## WORK REQUIRED
Because the images are not wanted, restate every line below word for word without them.

## DATASET EXCERPT
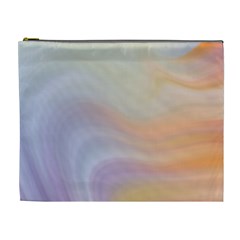 Gradient purple, orange Cosmetic Bag (XL)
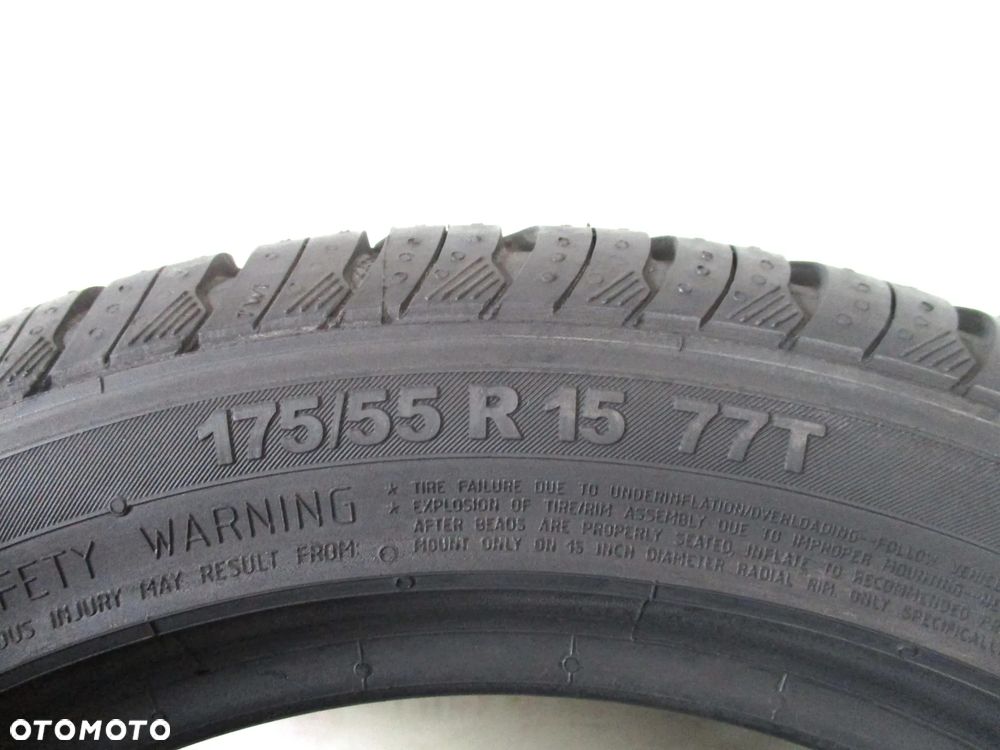 OPONY 175 55 15 77T CONTINENTAL - LATO - 4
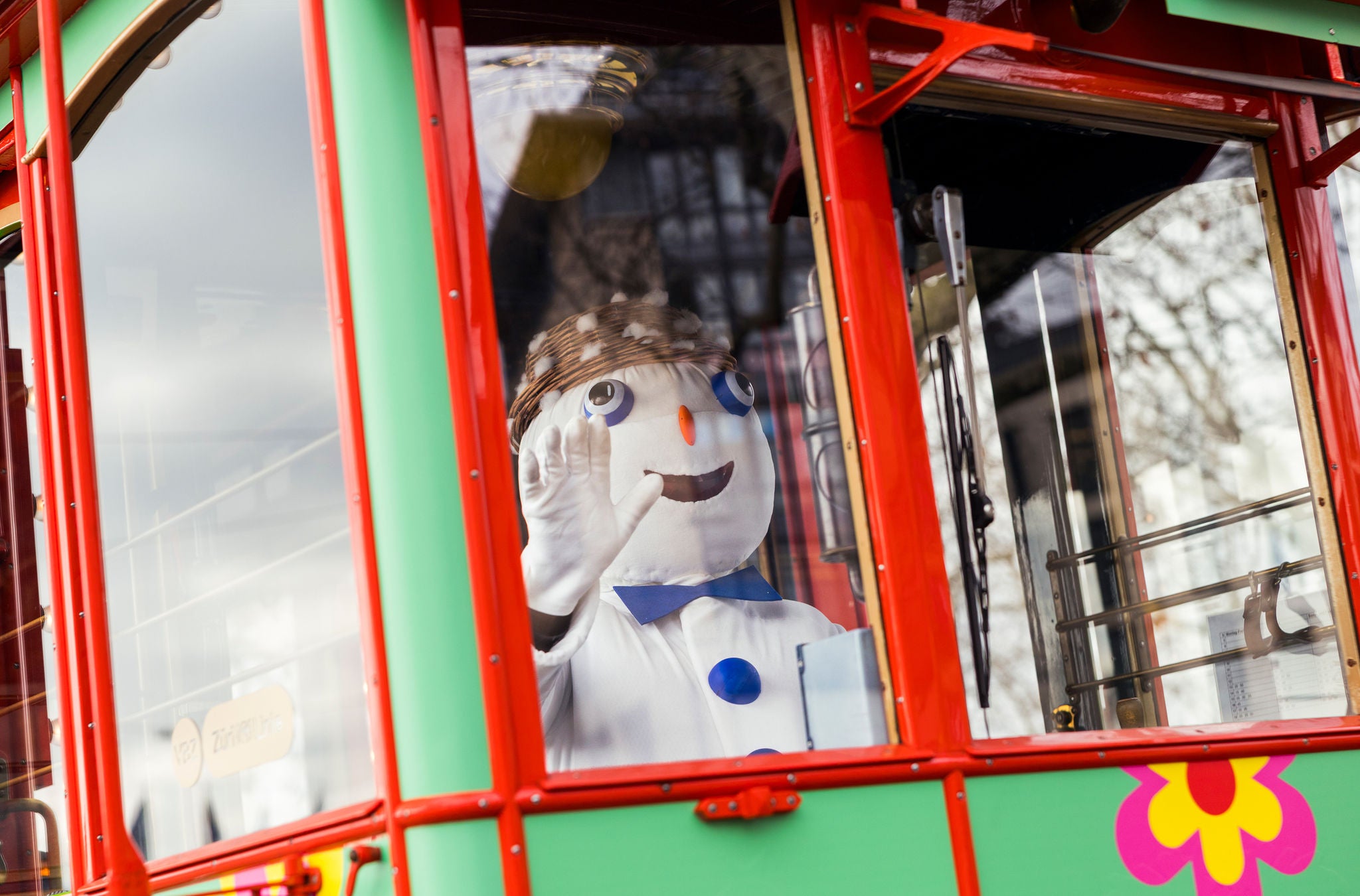 Der Böög im Züri Märlitram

## TASK OUTPUT
 Gradient purple, orange Cosmetic Bag (XL)
 OPONY 175 55 15 77T CONTINENTAL - LATO - 4
 Der Böög im Züri Märlitram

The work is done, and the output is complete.